Exercise inputs ::
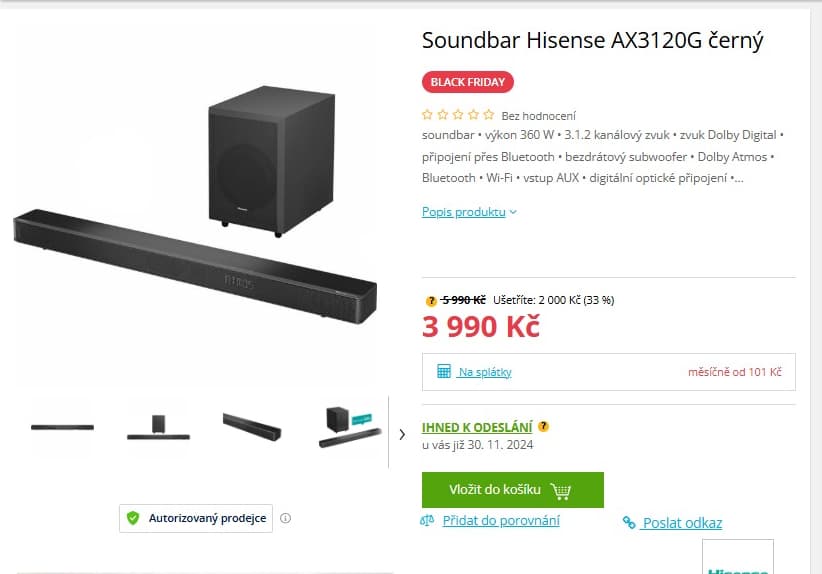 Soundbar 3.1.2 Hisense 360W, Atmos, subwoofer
--
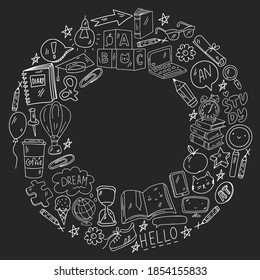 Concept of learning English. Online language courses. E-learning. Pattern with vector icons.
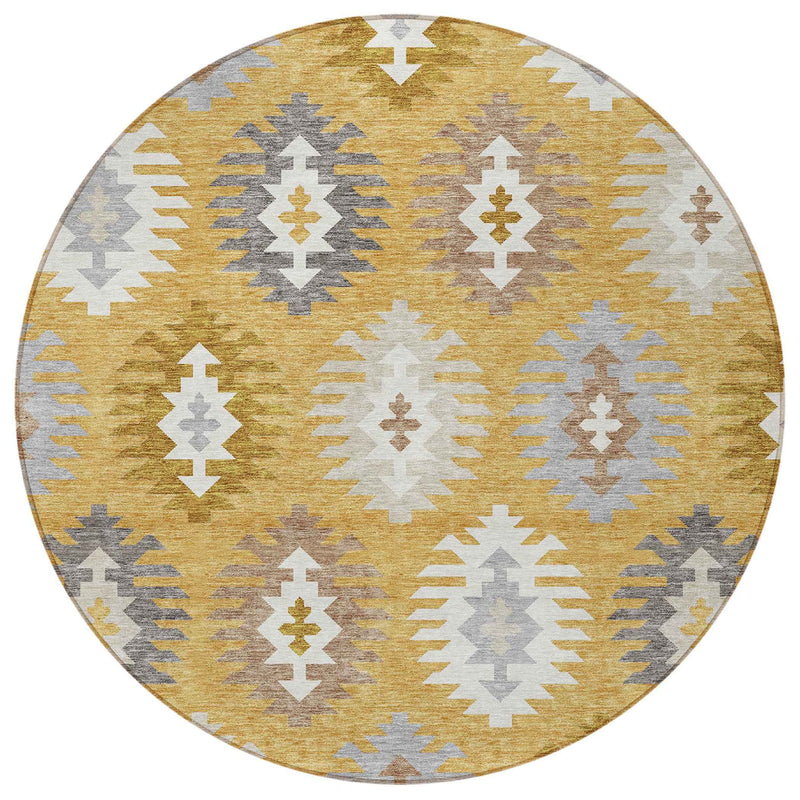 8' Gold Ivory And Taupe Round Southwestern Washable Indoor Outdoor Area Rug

Task details :: Leaving all pictures out, output exactly the lines of the material above from the line with "Concept of learning" to the line with "8' Gold Ivory", both included.

Solution to this problem ::
 Concept of learning English. Online language courses. E-learning. Pattern with vector icons.
 8' Gold Ivory And Taupe Round Southwestern Washable Indoor Outdoor Area Rug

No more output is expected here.